ACTIVITY
Give back all of the data exactly. Leave nothing out.

____

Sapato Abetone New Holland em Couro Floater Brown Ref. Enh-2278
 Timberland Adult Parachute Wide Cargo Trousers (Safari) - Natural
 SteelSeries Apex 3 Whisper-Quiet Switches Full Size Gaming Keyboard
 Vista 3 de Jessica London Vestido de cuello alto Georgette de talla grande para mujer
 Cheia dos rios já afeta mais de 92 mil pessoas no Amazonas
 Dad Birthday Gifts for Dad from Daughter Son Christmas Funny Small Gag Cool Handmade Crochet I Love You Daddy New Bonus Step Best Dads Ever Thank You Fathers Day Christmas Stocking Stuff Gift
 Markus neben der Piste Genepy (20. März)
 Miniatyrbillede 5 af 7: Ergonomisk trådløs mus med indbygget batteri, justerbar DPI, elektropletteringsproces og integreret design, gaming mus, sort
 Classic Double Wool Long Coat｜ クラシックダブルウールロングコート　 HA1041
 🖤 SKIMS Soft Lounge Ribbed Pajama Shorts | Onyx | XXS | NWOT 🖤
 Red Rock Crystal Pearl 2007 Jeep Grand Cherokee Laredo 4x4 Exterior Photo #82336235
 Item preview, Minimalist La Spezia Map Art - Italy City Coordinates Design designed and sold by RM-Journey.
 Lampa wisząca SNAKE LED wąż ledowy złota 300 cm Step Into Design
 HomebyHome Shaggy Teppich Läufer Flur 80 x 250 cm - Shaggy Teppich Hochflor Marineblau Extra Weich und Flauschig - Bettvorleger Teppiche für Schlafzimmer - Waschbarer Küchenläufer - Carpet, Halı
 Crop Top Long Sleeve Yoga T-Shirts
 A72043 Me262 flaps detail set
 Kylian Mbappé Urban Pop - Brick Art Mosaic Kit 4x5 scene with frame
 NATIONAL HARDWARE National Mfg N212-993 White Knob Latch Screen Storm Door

____

ANSWER TO THIS TASK
Sapato Abetone New Holland em Couro Floater Brown Ref. Enh-2278
 Timberland Adult Parachute Wide Cargo Trousers (Safari) - Natural
 SteelSeries Apex 3 Whisper-Quiet Switches Full Size Gaming Keyboard
 Vista 3 de Jessica London Vestido de cuello alto Georgette de talla grande para mujer
 Cheia dos rios já afeta mais de 92 mil pessoas no Amazonas
 Dad Birthday Gifts for Dad from Daughter Son Christmas Funny Small Gag Cool Handmade Crochet I Love You Daddy New Bonus Step Best Dads Ever Thank You Fathers Day Christmas Stocking Stuff Gift
 Markus neben der Piste Genepy (20. März)
 Miniatyrbillede 5 af 7: Ergonomisk trådløs mus med indbygget batteri, justerbar DPI, elektropletteringsproces og integreret design, gaming mus, sort
 Classic Double Wool Long Coat｜ クラシックダブルウールロングコート　 HA1041
 🖤 SKIMS Soft Lounge Ribbed Pajama Shorts | Onyx | XXS | NWOT 🖤
 Red Rock Crystal Pearl 2007 Jeep Grand Cherokee Laredo 4x4 Exterior Photo #82336235
 Item preview, Minimalist La Spezia Map Art - Italy City Coordinates Design designed and sold by RM-Journey.
 Lampa wisząca SNAKE LED wąż ledowy złota 300 cm Step Into Design
 HomebyHome Shaggy Teppich Läufer Flur 80 x 250 cm - Shaggy Teppich Hochflor Marineblau Extra Weich und Flauschig - Bettvorleger Teppiche für Schlafzimmer - Waschbarer Küchenläufer - Carpet, Halı
 Crop Top Long Sleeve Yoga T-Shirts
 A72043 Me262 flaps detail set
 Kylian Mbappé Urban Pop - Brick Art Mosaic Kit 4x5 scene with frame
 NATIONAL HARDWARE National Mfg N212-993 White Knob Latch Screen Storm Door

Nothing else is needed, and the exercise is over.